We first evaluate the best configuration for our classifiers over DiffraNet’s synthetic dataset. Figure 4 shows the accuracy of our models considering all five DiffraNet classes (dark blue) and only diffraction/no-diffraction classes (light blue).
DeepFreak achieved the highest accuracy in both cases, but we note all of our models hit over 97.5% and 98.5% accuracy on the five-class and binary settings, respectively.
Besides, we note DeepFreak achieved near perfect accuracy in the binary setting. This means DeepFreak can differentiate between synthetic images with and without diffraction patterns almost perfectly.
We also evaluate our models on DiffraNet’s real dataset. There is a noticeable difference between our synthetic and real images. Due to this “reality gap”, models trained on synthetic data often have degraded performance when tested on real data. To minimize this gap, we repeat our AutoML optimization, this time, we optimize for performance on a validation set of real images. Figure 5 shows the accuracy of our models after this optimization.
We note that our models hit up to 94.51% accuracy on real images.
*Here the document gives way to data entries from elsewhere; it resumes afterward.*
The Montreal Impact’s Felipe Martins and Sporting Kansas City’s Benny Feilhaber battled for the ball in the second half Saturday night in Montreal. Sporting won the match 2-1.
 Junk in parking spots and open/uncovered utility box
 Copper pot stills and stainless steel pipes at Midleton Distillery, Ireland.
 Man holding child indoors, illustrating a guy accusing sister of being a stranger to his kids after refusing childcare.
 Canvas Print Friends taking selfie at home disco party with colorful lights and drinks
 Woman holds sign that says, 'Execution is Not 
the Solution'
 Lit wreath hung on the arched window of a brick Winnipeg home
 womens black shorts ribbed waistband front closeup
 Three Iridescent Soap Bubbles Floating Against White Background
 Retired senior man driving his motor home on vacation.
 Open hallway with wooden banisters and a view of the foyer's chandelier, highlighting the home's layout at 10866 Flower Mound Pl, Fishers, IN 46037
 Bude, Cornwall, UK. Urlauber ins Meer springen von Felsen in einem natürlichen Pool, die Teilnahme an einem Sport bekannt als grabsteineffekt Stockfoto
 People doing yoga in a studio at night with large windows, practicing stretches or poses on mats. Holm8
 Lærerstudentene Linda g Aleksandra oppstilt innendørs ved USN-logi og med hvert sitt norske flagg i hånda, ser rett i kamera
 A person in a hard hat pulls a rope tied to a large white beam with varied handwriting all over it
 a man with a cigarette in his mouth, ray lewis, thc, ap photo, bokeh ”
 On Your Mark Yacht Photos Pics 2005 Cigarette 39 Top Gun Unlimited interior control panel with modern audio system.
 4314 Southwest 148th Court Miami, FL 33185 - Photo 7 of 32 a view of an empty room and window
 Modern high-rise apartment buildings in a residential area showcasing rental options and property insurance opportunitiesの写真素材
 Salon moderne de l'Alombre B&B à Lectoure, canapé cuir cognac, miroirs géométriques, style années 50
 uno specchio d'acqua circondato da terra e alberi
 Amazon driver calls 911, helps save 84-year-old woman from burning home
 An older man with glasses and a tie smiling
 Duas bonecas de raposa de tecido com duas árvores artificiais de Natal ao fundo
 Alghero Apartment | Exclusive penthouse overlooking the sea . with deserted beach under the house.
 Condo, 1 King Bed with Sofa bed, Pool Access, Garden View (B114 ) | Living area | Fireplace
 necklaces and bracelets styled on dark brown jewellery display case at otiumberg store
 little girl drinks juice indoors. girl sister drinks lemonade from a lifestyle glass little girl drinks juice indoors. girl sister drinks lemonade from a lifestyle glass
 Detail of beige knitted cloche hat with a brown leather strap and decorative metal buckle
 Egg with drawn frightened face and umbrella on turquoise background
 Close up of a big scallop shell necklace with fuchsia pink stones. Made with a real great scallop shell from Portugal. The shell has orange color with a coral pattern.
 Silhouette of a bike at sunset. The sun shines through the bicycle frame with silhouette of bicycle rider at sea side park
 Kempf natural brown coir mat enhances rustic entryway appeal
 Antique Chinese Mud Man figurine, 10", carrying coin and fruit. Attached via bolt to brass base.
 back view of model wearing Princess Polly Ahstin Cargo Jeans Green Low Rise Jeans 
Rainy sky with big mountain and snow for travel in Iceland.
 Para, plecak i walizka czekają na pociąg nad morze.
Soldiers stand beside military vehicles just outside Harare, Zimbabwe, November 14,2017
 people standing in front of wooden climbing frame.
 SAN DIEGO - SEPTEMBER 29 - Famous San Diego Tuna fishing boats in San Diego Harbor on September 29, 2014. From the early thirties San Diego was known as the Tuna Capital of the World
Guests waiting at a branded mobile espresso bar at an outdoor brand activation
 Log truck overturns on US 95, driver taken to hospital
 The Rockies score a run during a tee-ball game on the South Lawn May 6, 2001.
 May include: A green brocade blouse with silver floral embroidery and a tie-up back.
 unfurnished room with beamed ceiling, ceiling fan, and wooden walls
The high accuracy achieved shows that our synthetic dataset can be effectively used to train models for real diffraction image classification.
We have summarized our work on the automation of serial crystallography diffraction image classification. We developed a dataset, DiffraNet, with both synthetic and real images and explored computer vision and machine learning approaches for classification. Our models are publicly available and have been fine-tuned using AutoML tools. Results show that our methods are effective on diffraction image classification, even when facing the “reality gap”.
We believe that DiffraNet and our AI will have a positive impact in Serial Crystallography, accelerating basic science research and its discoveries in disciplines such as chemistry, geology, biology, materials science, metallurgy, and physics.